Selon Sean McFate, un ancien mercenaire qui étudie les entrepreneurs militaires privés et qui écrit à ce sujet, les emplois de ce type sont attrayants pour les officiers américains à la retraite.
«Les officiers supérieurs aiment cela parce qu’ils font 25 ans dans l’armée et qu’ils en sortent à 45 ou 50 ans, a-t-il expliqué. Que va faire un gars de l’infanterie ? Travailler chez Walmart [une chaîne de grande distribution américaine] ? Non. Il y a beaucoup d’argent à gagner de cette façon et ils peuvent exploiter leurs compétences.»
Selon Becca Wasser, analyste politique à la Rand Corporation spécialisée dans les politiques de défense et étrangères des États-Unis au Moyen-Orient, les forces émiraties ont bénéficié de formations aux côtés des forces américaines et françaises, ainsi que de leur déploiement en Afghanistan. Elle a néanmoins ajouté que l’armée émiratie dépendait des étrangers qu’elle engage pour demeurer opérationnelle.
«Les activités de coopération en matière de sécurité sont appuyées par un soutien contractuel conséquent à travers l’ensemble des forces armées émiraties, en particulier dans la logistique et la maintenance, a-t-elle précisé.
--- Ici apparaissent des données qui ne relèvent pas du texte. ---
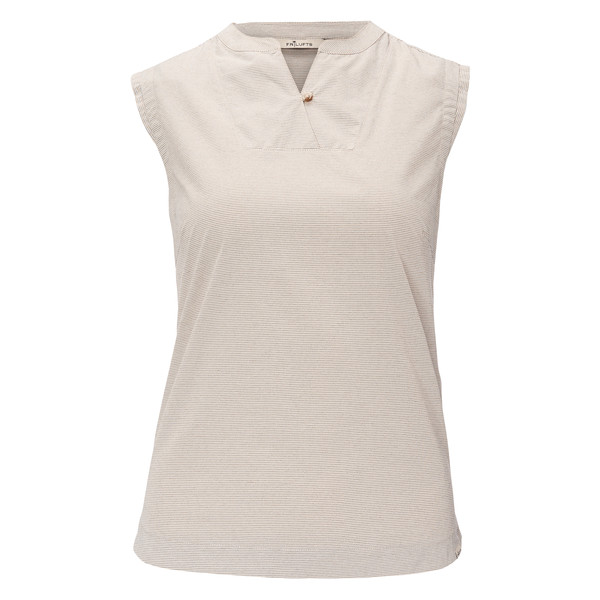 KEA SL TUNIC Damen - Tunika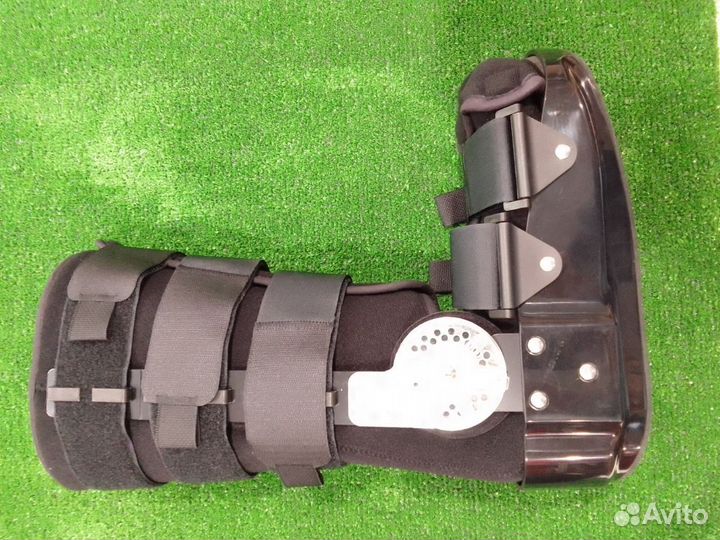 Аренда ортезов, медицинских кроватей, Алмаг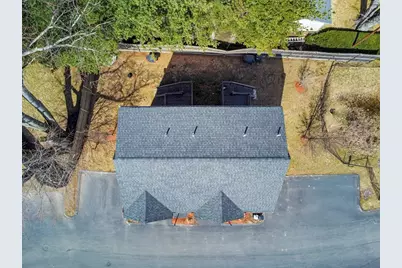 2 Cross Road #2, Haverhill, MA 01835 - Photo 27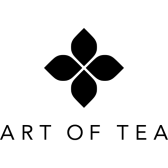 Art of Tea
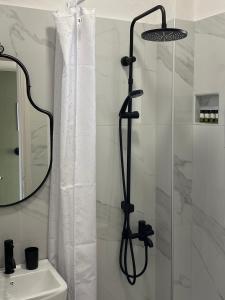 The Lemon Breeze Studio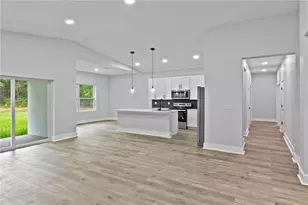 12255 SW 98th St, Dunnellon, FL 34432 - Photo 9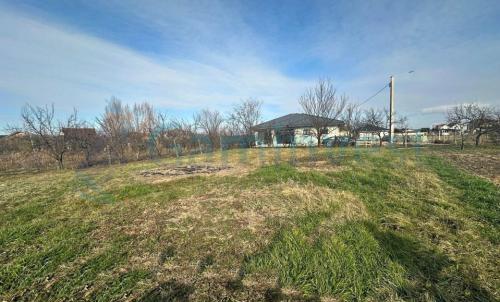 Description of image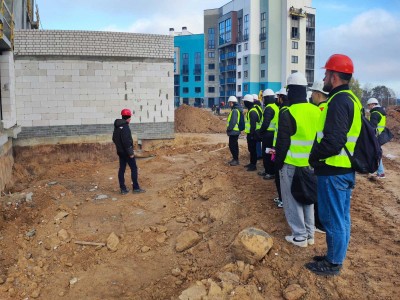 изображение_viber_2025-10-21_10-22-43-163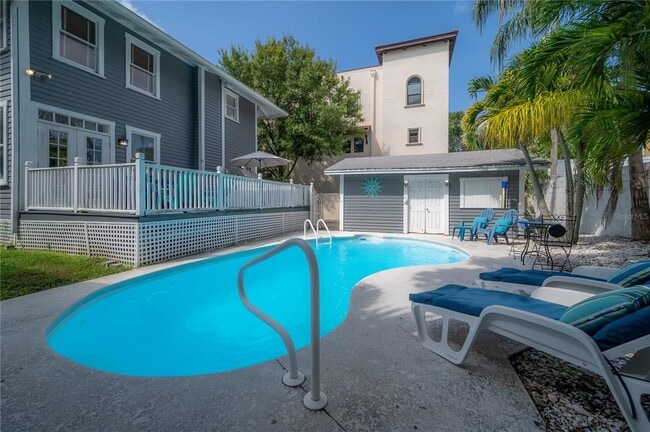 Building Photo - 29211 W El Prado Blvd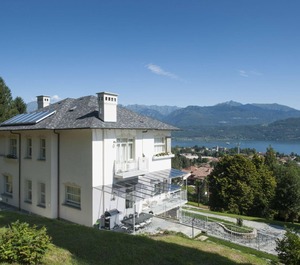 Baveno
Ces sous-traitants comprennent d’anciens militaires américains et d’autres pays et prennent souvent la part du lion du travail ingrat qui permet de garder l’armée à flot.»
Sous-traiter la guerre
La dépendance de l’armée émiratie envers les étrangers n’est pas tout à fait nouvelle.
En 2010, le fondateur de Blackwater, Erik Prince, a été chargé de constituer aux Émirats arabes unis une armée de mercenaires destinée à affronter tout soulèvement potentiel de travailleurs ou en faveur de la démocratie.
Avant de rejoindre l’administration Trump, le secrétaire à la Défense des États-Unis Jim Mattis a reçu la permission du Corps des Marines des États-Unis d’officier en tant que conseiller militaire pour les Émirats arabes unis en 2015.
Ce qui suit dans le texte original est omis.